I motivi per cui l'annunciato trasferimento non ha avuto seguito sono diversi: con l'elezione di Biden c'è stato un cambio di governo negli Stati Uniti, ed il governatore repubblicano della Florida aveva deciso di correre per la Casa Bianca: avere un dissidio con la procura, da sempre colpevolista, non gli avrebbe giovato politicamente. Inoltre secondo la legge americana, che si basa sulle sentenze precedenti, avere un "caso" come quello di Chico potrebbe aprire nuovi contenziosi. Infine, gli americani non avrebbero digerito l'indulto concesso a Silvia Baraldini, già prigioniera negli Usa e poi libera in Italia ancora nel 2006.

«Il governatore della Florida - spiega Gianni Forti - ha rinunciato alla corsa presidenziale ed è quindi ora più libero di muoversi: deve fare pressione per procedere con il trasferimento.

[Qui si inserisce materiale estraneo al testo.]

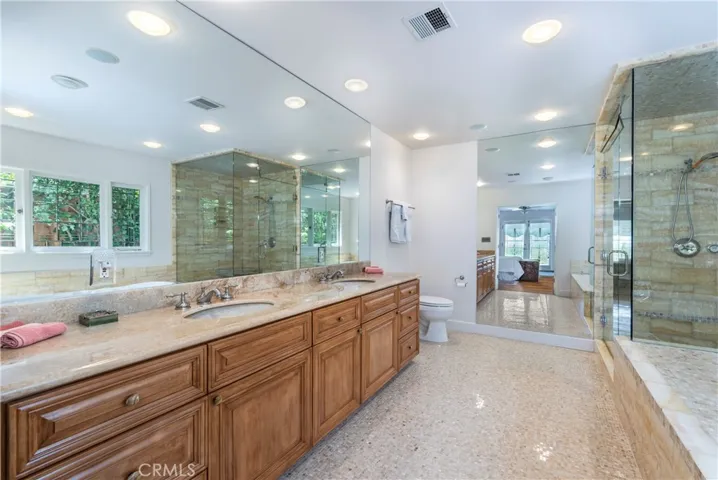 4981 Noeline Avenue, Encino, California 91436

È una strada in salita ma siamo speranzosi anche perché, dopo aver bussato a tutte le porte c'è l'impegno preciso della premier Meloni di fare il possibile per Chico. Purtroppo, come dice Nordio sul caso Salis (l'attivista italiana da un anno in prigione a Budapest, ndr) il governo non può interferire con l'autonomia giuridica di un altro Paese».

Con i confronti sul caso Salis, i sostenitori di Chico prendono le distanze: «L'unica analogia è che entrambi sono stati portati in tribunale in catene», ammette il presidente dell'Associazione Amici di Chico Forti Lorenzo Moggio. «Su oltre 2mila italiani incarcerati nel mondo - riprende Gianni Forti - Chico ha il record assoluto di permanenza in carcere: 24 anni sono tantissimi, una vita distrutta e non solo la sua, visto che il papà non ha retto e se n'è andato nel 2021, una tragedia nella tragedia».

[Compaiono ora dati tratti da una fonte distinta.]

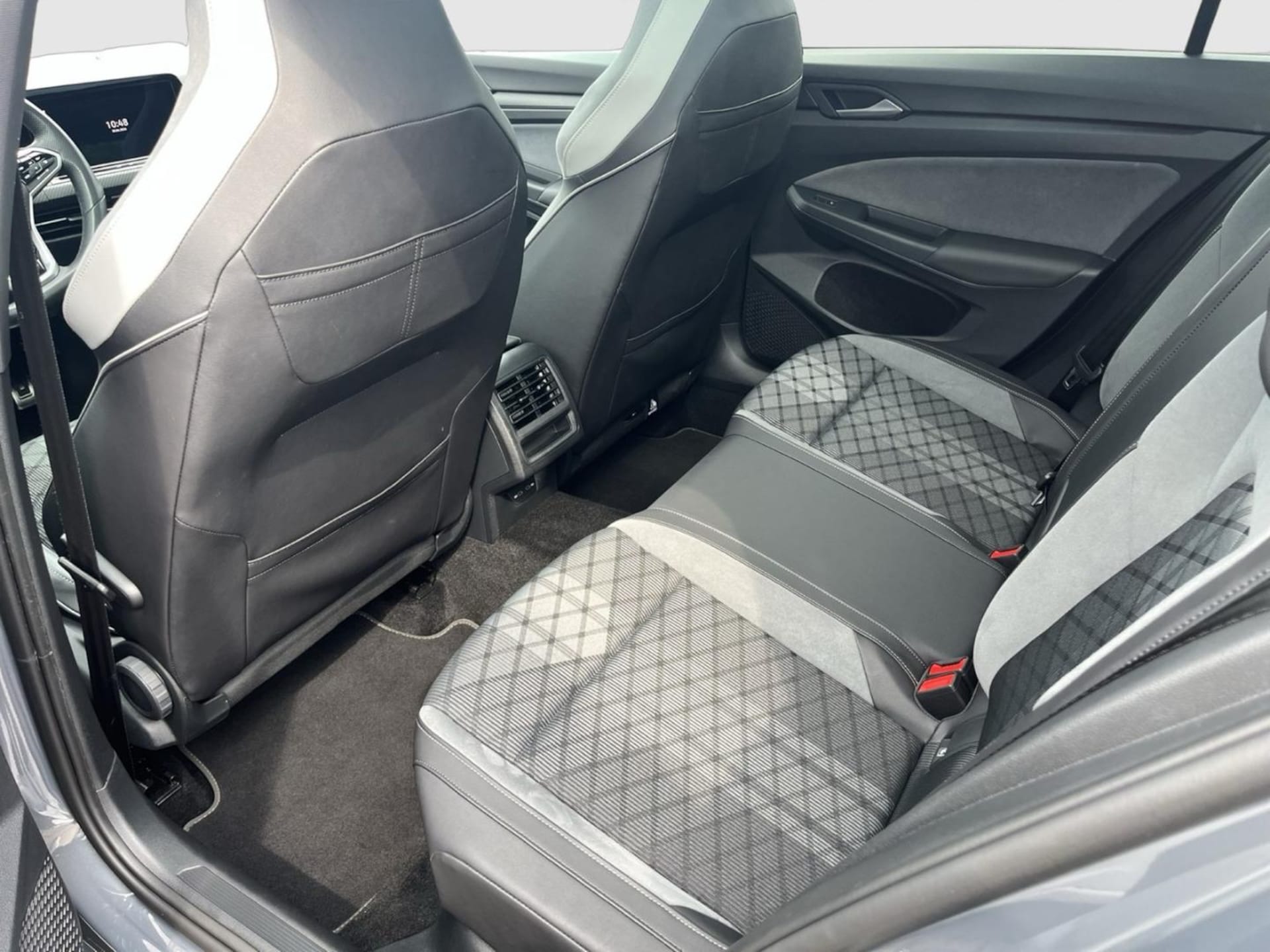 Volkswagen Golf Variant R-Line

E in tutto questo, «l'assenza di prove ad un processo indiziario contro un cittadino la cui fedina penale era immacolata, i rapporti amichevoli con gli Stati Uniti e la loro cura nel proteggere i propri cittadini, come è accaduto con il pilota del Cermis, rendono tutto più doloroso e paradossale», conclude il parente che ha sempre difeso l'innocenza di Chico: «Perfino il fratello ed il padre della vittima hanno detto più volte che non è stata fatta giustizia perché gli assassini sono ancora in libertà».

Una vicenda oscura, quella che si era consumata nel febbraio del 1998 e che vedeva la compravendita di un albergo di Miami, un truffatore tedesco indagato ma poi libero dopo un accordo extragiudiziale e l'assenza di prove.«Quello che serve - dice Moggio - è che il governatore della Florida faccia pressione affinché la sentenza di condanna, con le motivazioni scritte nero su bianco, giunga a Washington, così da far partire l'estradizione. Senza questi documenti non si può far nulla e neppure Biden in persona può cambiare le cose». Resta però viva la speranza. «Confidiamo nella maniera più assoluta che Giorgia Meloni ce la farà», dice Gianni Forti.